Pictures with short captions
[Start of section]

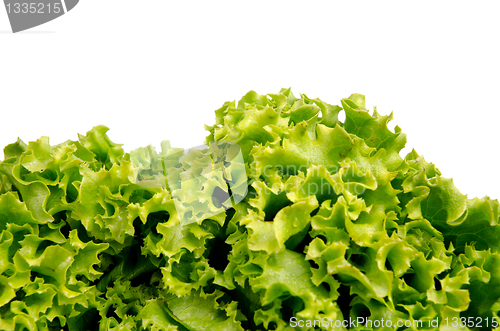 Image of Lettuce salad leaves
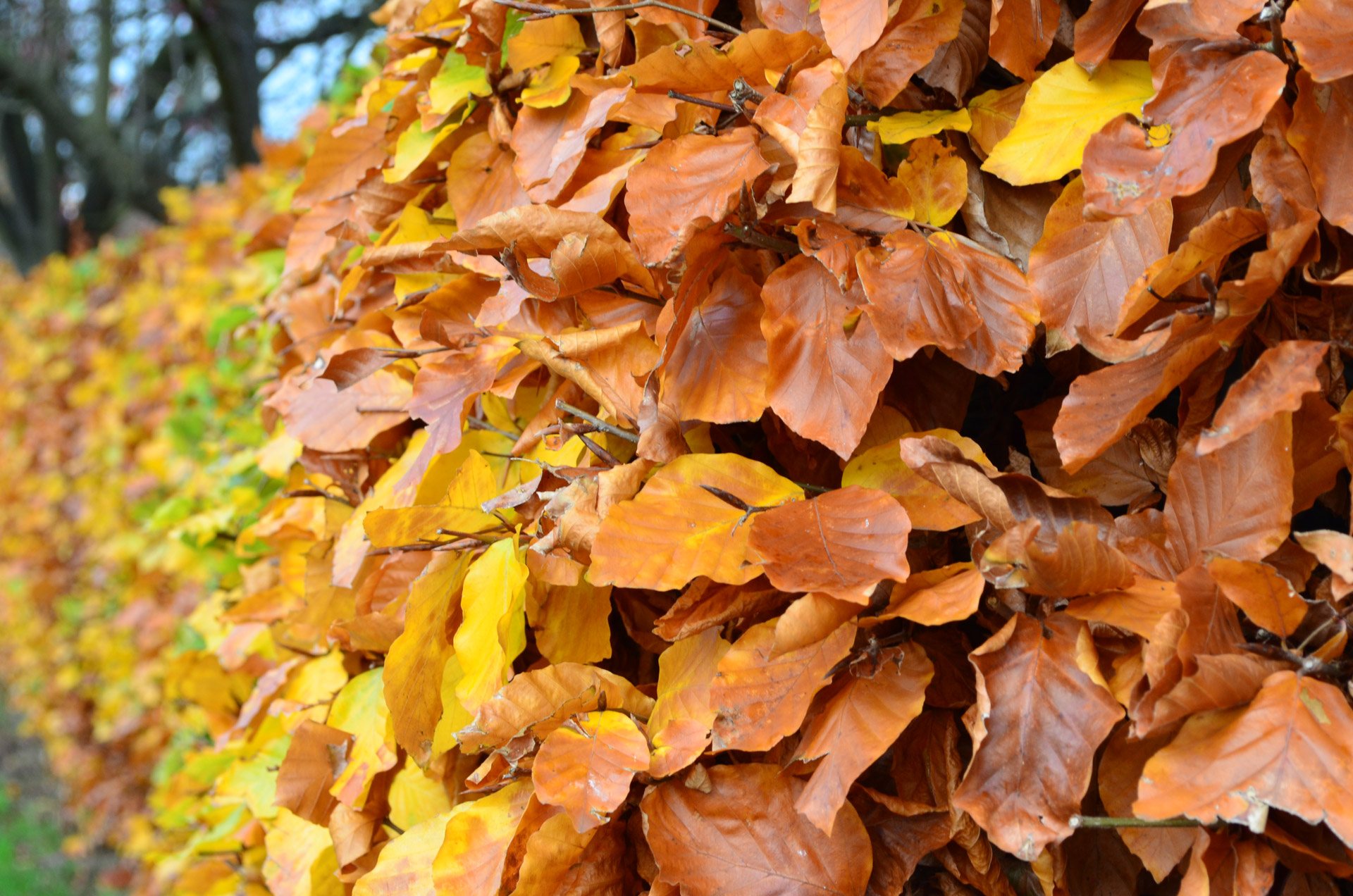 Autumn Yellow Leaves Free Stock Photo - Public Domain Pictures
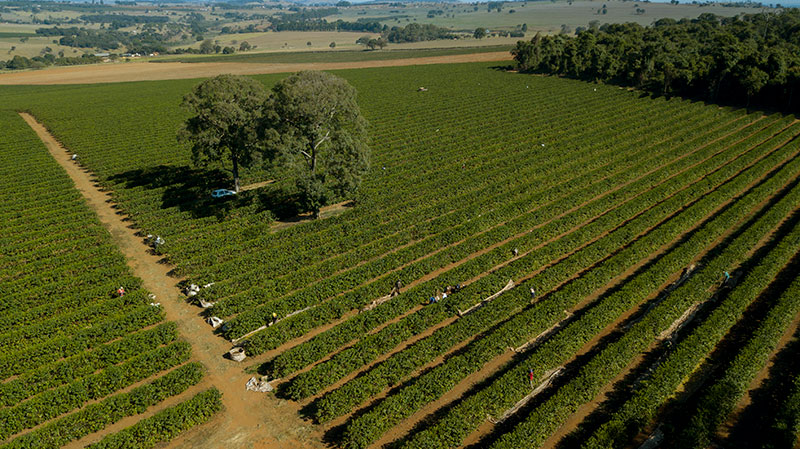 13-2 (1).jpg 13-2 (1).jpg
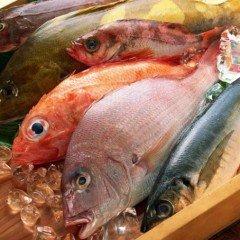 Manipulador de Alimentos. Pescados y Derivados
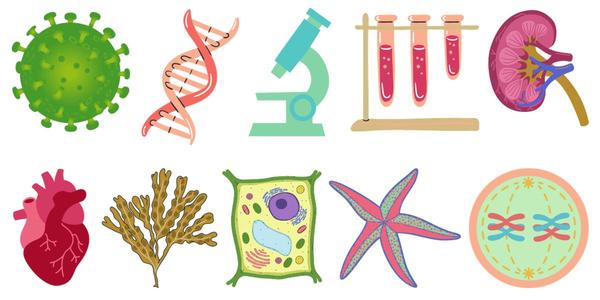 Science Banner Photo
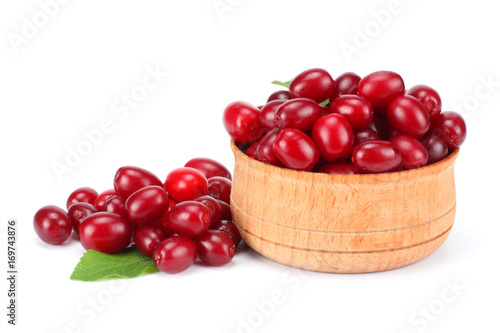 dogwood berries in wooden bowl isolated on white background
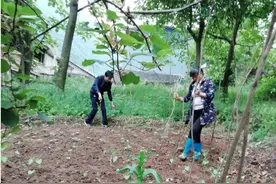 通江县委统战部驻村干部屈炯：心系趱寸坡村图片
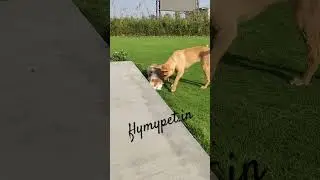 #song #lovesong #petrelocation #doglover #pets #funny #tranding #trendingvideo #trendingshorts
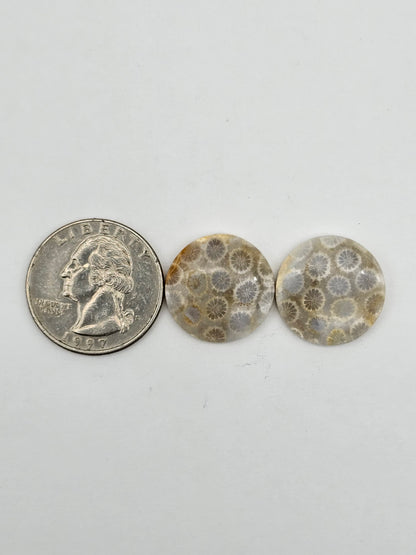Fossilized Coral pair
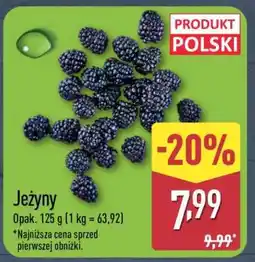 ALDI Jeżyny oferta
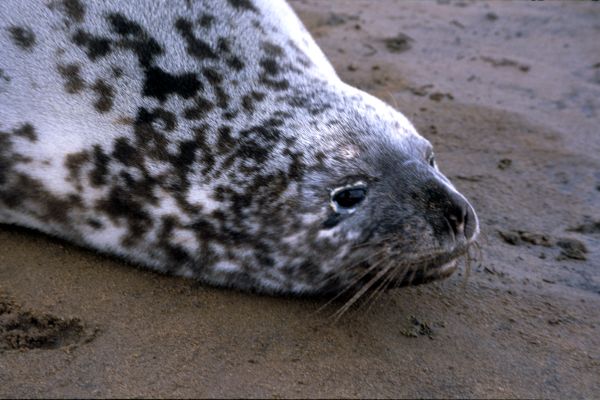  Hooded Seal.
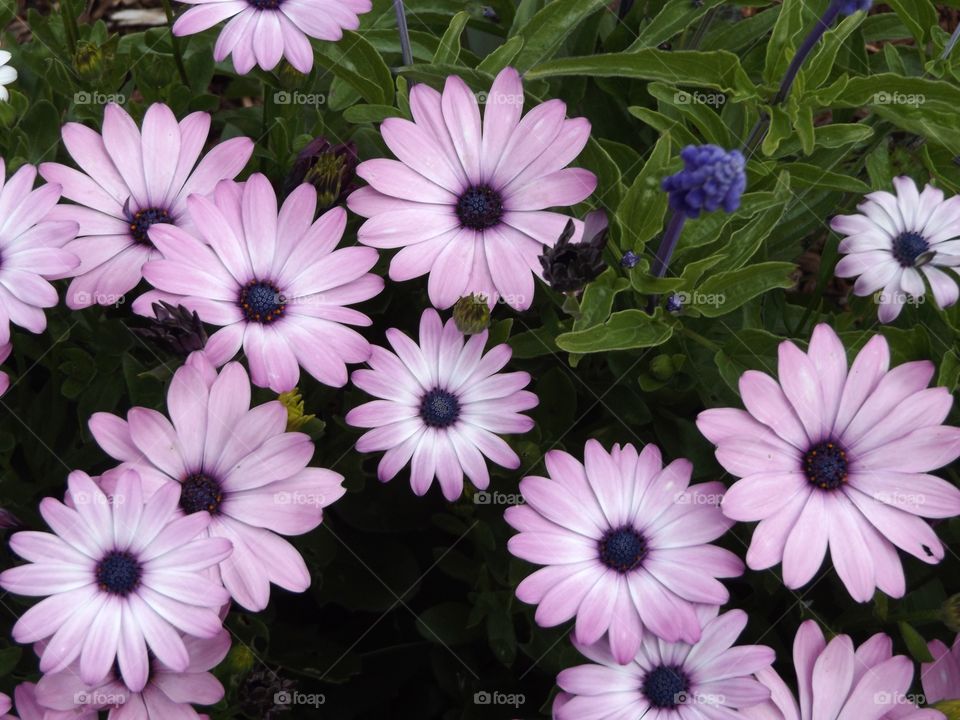 High angle view of a pink flower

[End of section]

_YOUR GOAL_
Only the pictures are to be left out, and all of the data must otherwise be transcribed exactly.

_ANSWER TO THIS TASK_
 Image of Lettuce salad leaves
 Autumn Yellow Leaves Free Stock Photo - Public Domain Pictures
 13-2 (1).jpg 13-2 (1).jpg
 Manipulador de Alimentos. Pescados y Derivados
 Science Banner Photo
 dogwood berries in wooden bowl isolated on white background
 通江县委统战部驻村干部屈炯：心系趱寸坡村图片
 #song #lovesong #petrelocation #doglover #pets #funny #tranding #trendingvideo #trendingshorts
Fossilized Coral pair
 ALDI Jeżyny oferta
  Hooded Seal.
 High angle view of a pink flower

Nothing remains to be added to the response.